Sané verschärft Konkurrenzsituation weiter
"Wir haben viele Spieler, die in der Offensive reinspringen können", sagte Musiala und erinnerte auch an Kingsley Coman, der zuletzt in Bochum eine Chance von Beginn an bekam und ebenfalls ein Traumtor erzielte. "Das braucht man so ein bisschen, diese Competition", also diesen Wettkampf, so Musiala, "damit jeder auf seinem höchsten Niveau spielen kann."
Das Gedränge im offensiven Mittelfeld und auf den Flügelpositionen der Bayern ist riesig – und so groß wie in keinem anderen Mannschaftsteil. Mit seinem starken Auftritt verschärfte Sané die Konkurrenzsituation noch weiter. Damit setzte er auf dem Weg zurück zu alter Stärke ein erstes großes Ausrufezeichen.
Bei der Heim-EM, durch die er sich – wie schon zuvor durch die Rückrunde bei Bayern – mit hartnäckigen Leistenproblemen und nur mit der Hilfe von Schmerzmitteln schleppte, war er noch einer der großen Verlierer. Bayerns neuer Trainer Vincent Kompany gab ihm anschließend bewusst die notwendige Zeit, um seine Verletzung vollständig auszukurieren und sich von einer Leisten-OP zu erholen.

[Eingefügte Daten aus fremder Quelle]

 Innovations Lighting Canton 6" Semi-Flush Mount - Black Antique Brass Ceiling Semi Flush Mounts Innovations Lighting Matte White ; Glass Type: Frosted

Sané ist Kompanys größte Aufgabe bei Bayern
Kompany weiß noch aus der gemeinsamen Spielerzeit bei Manchester City wohl wie kein Zweiter, welch großes Potenzial in einem Sané in Bestform schlummert. Das auch aus ihm herauszuholen, hat sich Kompany schon damals zu seiner ganz persönlichen Aufgabe gemacht. Wie Sané zuletzt verriet, hatte Kompany ihm nämlich schon als City-Kapitän angekündigt, dass er ihn irgendwann trainieren werde. Diese Prophezeiung hat sich in München, wohin Sané 2020 für 49 Millionen Euro wechselte, jetzt erfüllt. Sané ist jetzt Kompanys vielleicht größte Aufgabe beim Rekordmeister.
"Ich kann mir vorstellen, dass wir in den kommenden Wochen hoffentlich einen top Leroy Sané sehen werden", sagte Kompany schon vor dem Pokalspiel. "Es gibt keinen Zeitdruck. Seine Minuten werden kommen. Er wird zeigen, wie gut er ist." In Mainz ist Sané das erstmals wieder gelungen.
Auch Bundestrainer Nagelsmann beobachtet Sanés Entwicklung ganz genau und steht nach t-online-Informationen in engem Austausch mit dem Flügelspieler. Es gilt als nahezu sicher, dass er Sané für die Länderspiele Mitte November wieder nominieren wird. Es wäre der nächste Schritt auf seinem Weg zurück. In dieser Form kommt Nagelsmann an ihm ohnehin eigentlich nicht vorbei.
Das gilt genauso für Kompany und die Bayern. Sané will ihnen das in den kommenden Wochen weiter beweisen. Mainz soll da nur der Anfang gewesen sein.